Jeremy Corbyn is facing a backlash from Labour MPs after claiming that the party “won the arguments” in the general election despite the disastrous outcome.
The Labour leader, who revealed in the aftermath of defeat he would stand down from the top job, said he would “take my responsibility for” the poll on Thursday, which saw his party suffering its worst result since 1935 and lose dozens of seats to the Tories.
Writing in The Observer, Corbyn however insisted the policies he set out were genuinely popular and had re-set the terms of the debate in the election.
“I am proud that on austerity, on corporate power, on inequality and on the climate emergency we have won the arguments and rewritten the terms of political debate,” he said.
“There is no doubt that our policies are popular, from public ownership of rail and key utilities to a massive house-building programme and a pay rise for millions. The question is how can we succeed in future where we didn’t this time?”
But many within the party disagreed with the tone.
Harriet Harman, Labour’s joint longest-serving MP, said: “This shows no willingness to understand why Labour suffered this catastrophic defeat.
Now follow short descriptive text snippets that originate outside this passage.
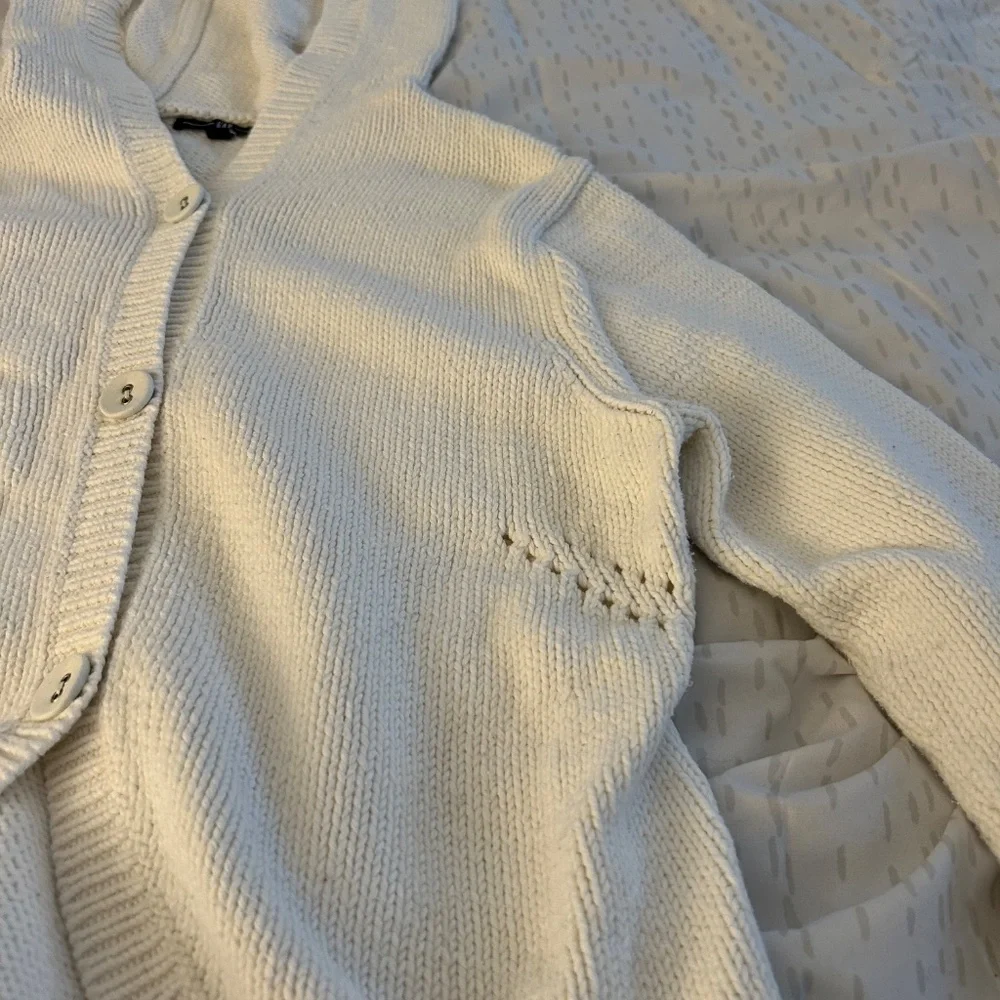 Sweater - Picture 3 of 4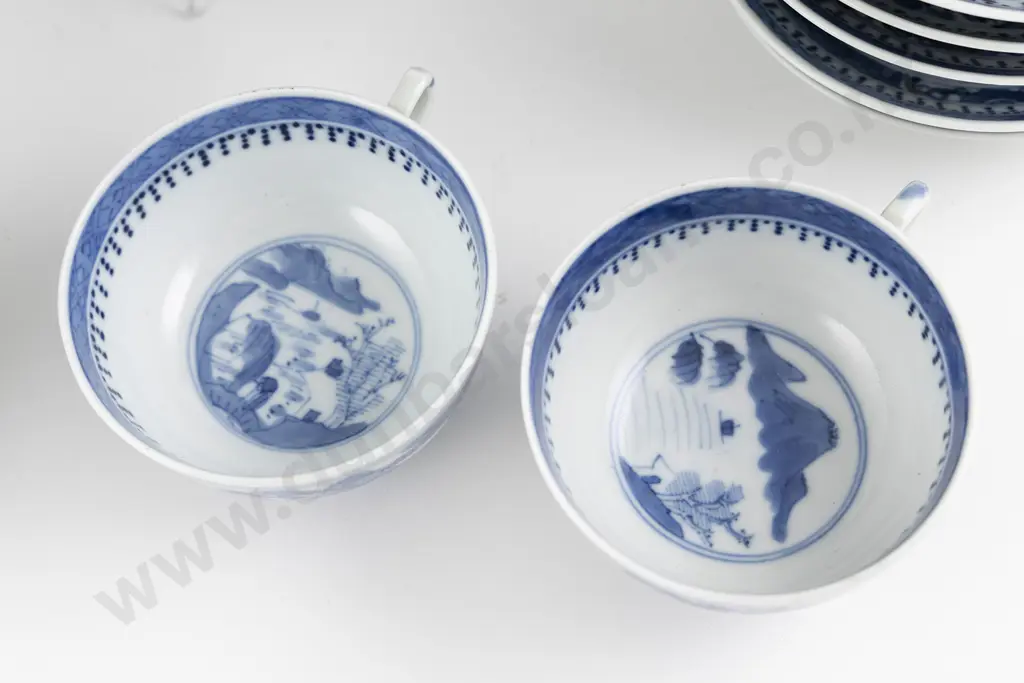 A Collection of 19th Century Nanking Blue And White Export Porcelain Image 1++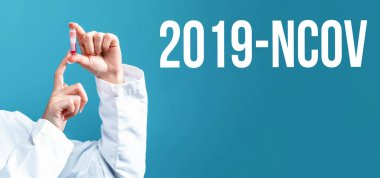 2019-NCOV temalı laboratuvar şişesi tutan bir doktor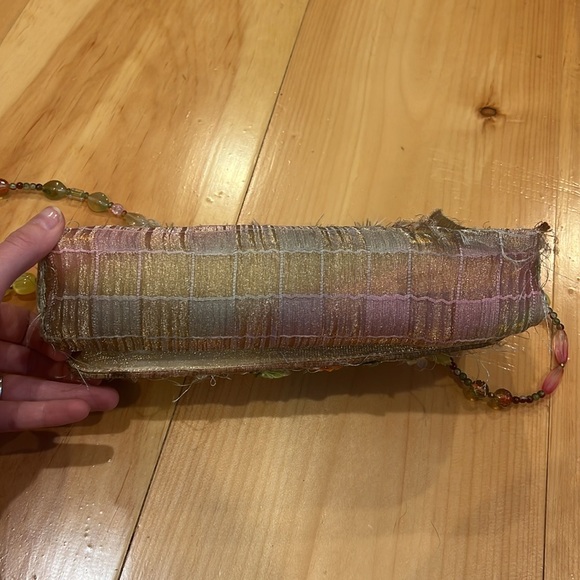 Mary Frances retired butterfly floral appliqué bag - Picture 5 of 6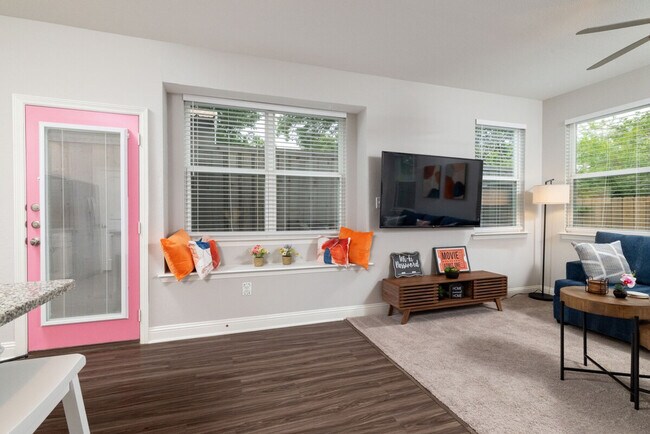 Photo - 441 Edwards St Unit SI ID1575064P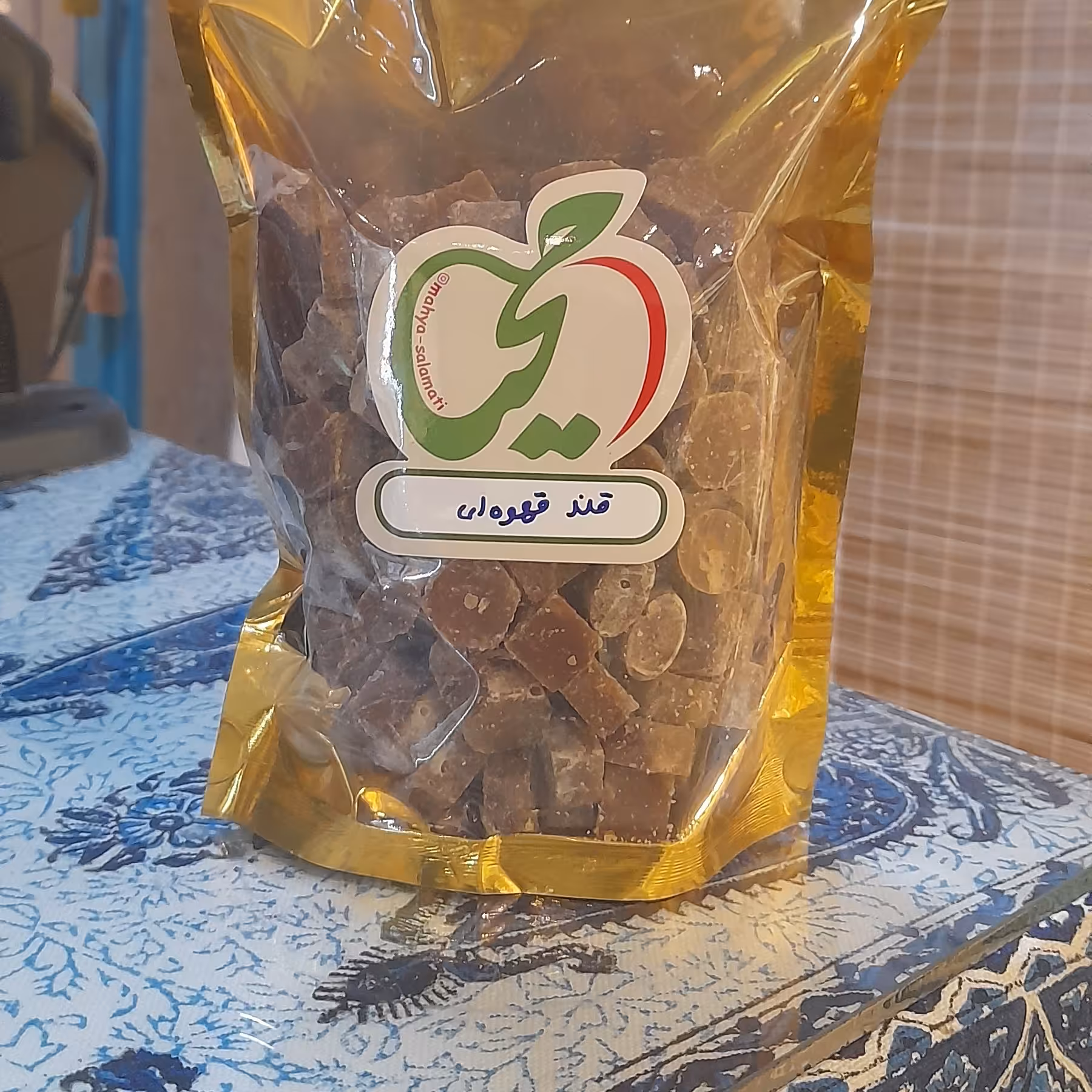 قند قهوه‌ای(تهیه شده از نیشکر ) مناسب افراد دیابتی و معمولی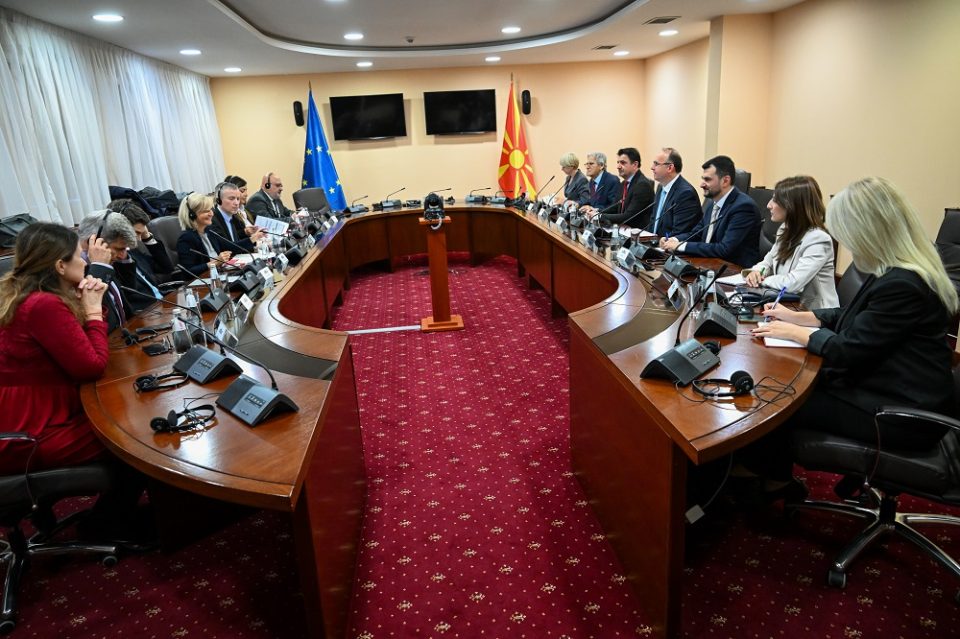 Гаши на средба до набљудувачите од ЕП: Уверен сум дека изборите ќе покажат демократска зрелост на земјата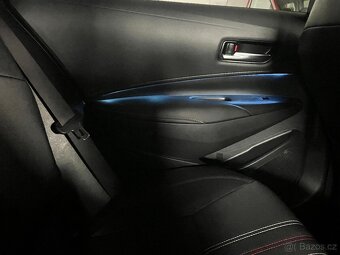 ► TOYOTA COROLLA 1.8 HYBRID GR SPORT E-CVT LED-KAMERA-TAŽNÉ - 14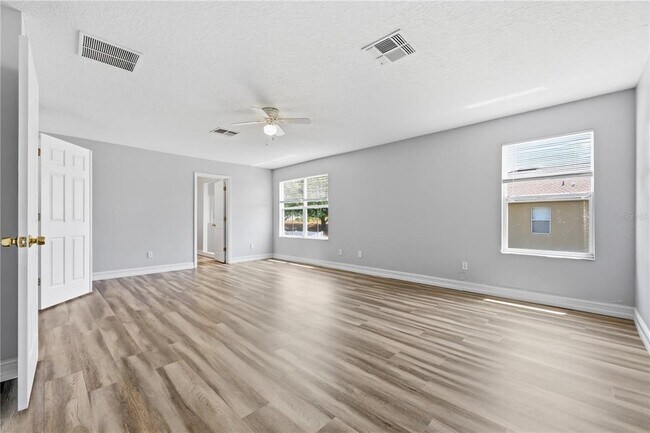 Building Photo - 7339 Country Run Pkwy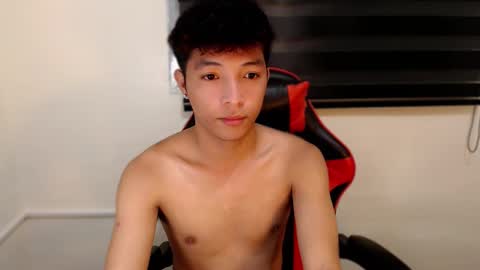 Ethan online show from November 2025 05:55:02 PM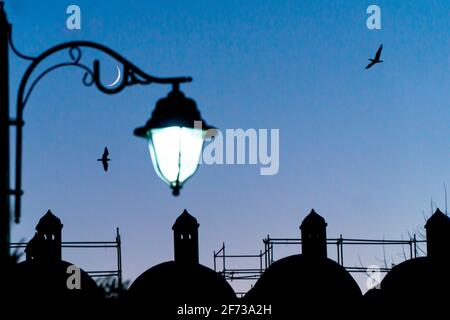 foto di luna a mezzaluna e lampada da strada con serata ramadan sensazione Foto Stock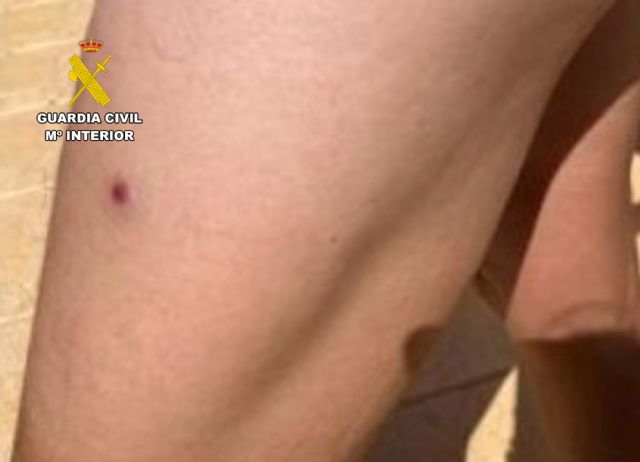 La Guardia Civil investiga a tres jóvenes por disparar a ciclistas en el Puerto del Garruchal - 3, Foto 3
Jeremy Corbyn should resign.”
Bermondsey and Old Southwark MP Neil Coyle, a long-time critic of Corbyn, said the “nonsensical claim” was “arrogant hubris”.
And former minister John Spellar joked: “Clearly the play was a success, but the audience was a failure.”
Margaret Hodge, another long-standing critic, branded it “denial”.
Elsewhere on Sunday, Labour’s John McDonnell has apologised for the party’s catastrophic election result, saying “I own this disaster”.
The shadow chancellor said “if anyone’s to blame, it’s me, full stop”, but also cited Brexit and the media for having “demonised” the Labour leader ahead of the dismal defeat.
“It’s on me, let’s take it on the chin, I own this disaster so I apologise to all those wonderful Labour MPs who have lost their seats and who worked so hard,” McDonnell told The Andrew Marr Show on the BBC.
But he also said he does “blame the media” which he said “demonised” Corbyn “for four years solid, every day”.
It comes as potential candidates to replace the leader setting out their stalls.
Key figures in the current leadership were tipping shadow business secretary Rebecca Long-Bailey, but backbenchers Lisa Nandy and Jess Phillips were testing the waters for a challenge.
Wigan MP Nandy, a former shadow energy secretary, told Marr that she is “seriously thinking” about running for the leadership.
Conceding it is a “very hard road” to regain the trust of Labour voters in towns across the north, she called for the party’s decision-making structures to move out of the capital.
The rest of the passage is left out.